Brief descriptive captions

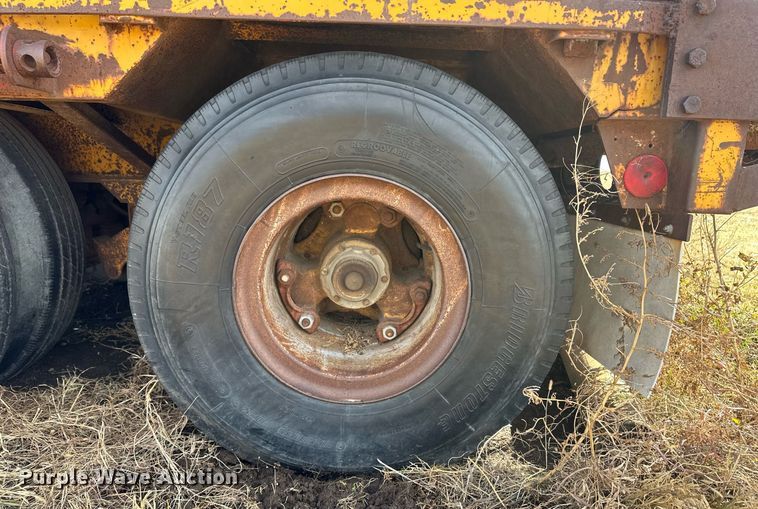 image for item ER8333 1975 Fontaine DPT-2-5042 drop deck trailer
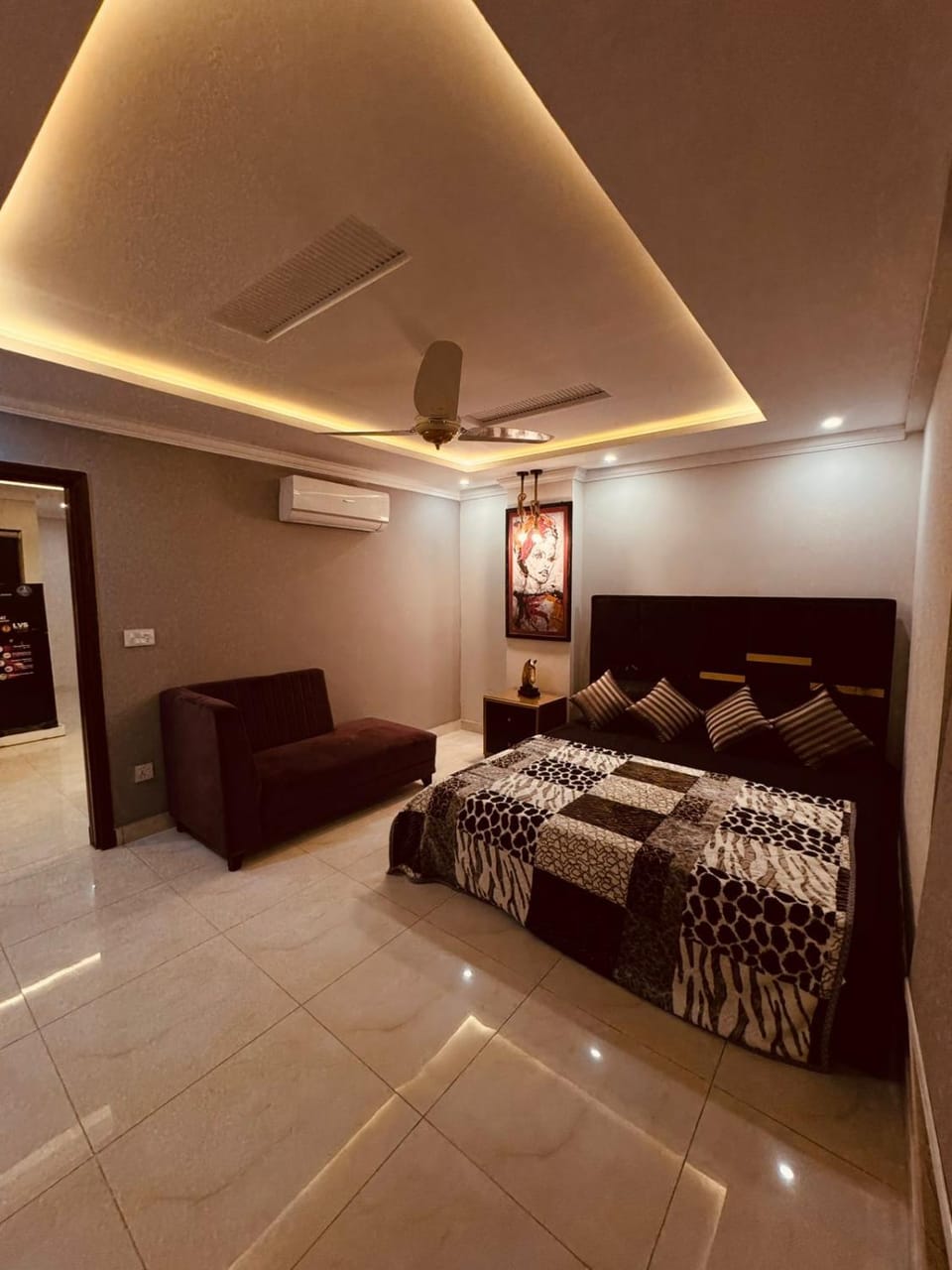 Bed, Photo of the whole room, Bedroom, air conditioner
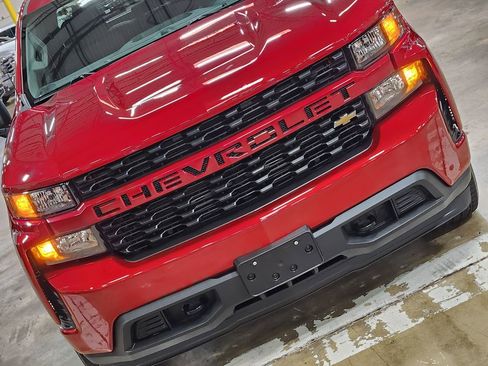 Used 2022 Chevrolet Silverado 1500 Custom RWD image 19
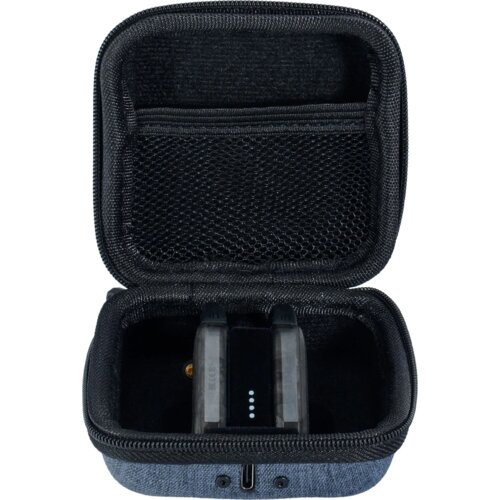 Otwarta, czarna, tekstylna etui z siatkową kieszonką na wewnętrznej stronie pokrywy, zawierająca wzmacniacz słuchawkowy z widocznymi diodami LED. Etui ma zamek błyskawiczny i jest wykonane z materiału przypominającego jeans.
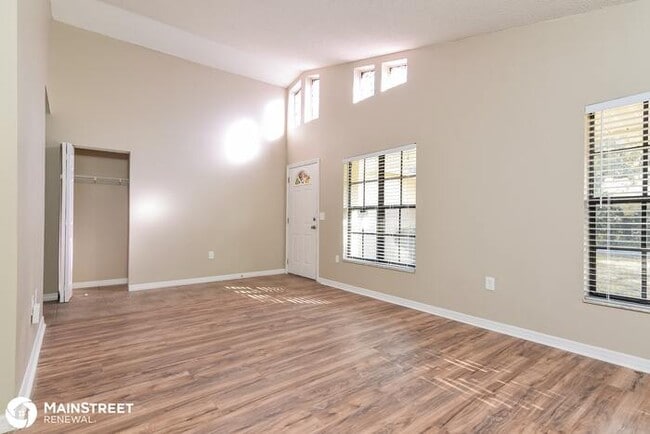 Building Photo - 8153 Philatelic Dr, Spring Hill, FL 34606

- _ASSIGNMENT_:
Please repeat, exactly as written, the lines in the records above, starting with the one that has "Bed, Photo of" and going on through the one that has "Used 2022 Chevrolet". Pictures are to be left out.

- _SOLUTION TO THE PROBLEM_:
 Bed, Photo of the whole room, Bedroom, air conditioner
 Used 2022 Chevrolet Silverado 1500 Custom RWD image 19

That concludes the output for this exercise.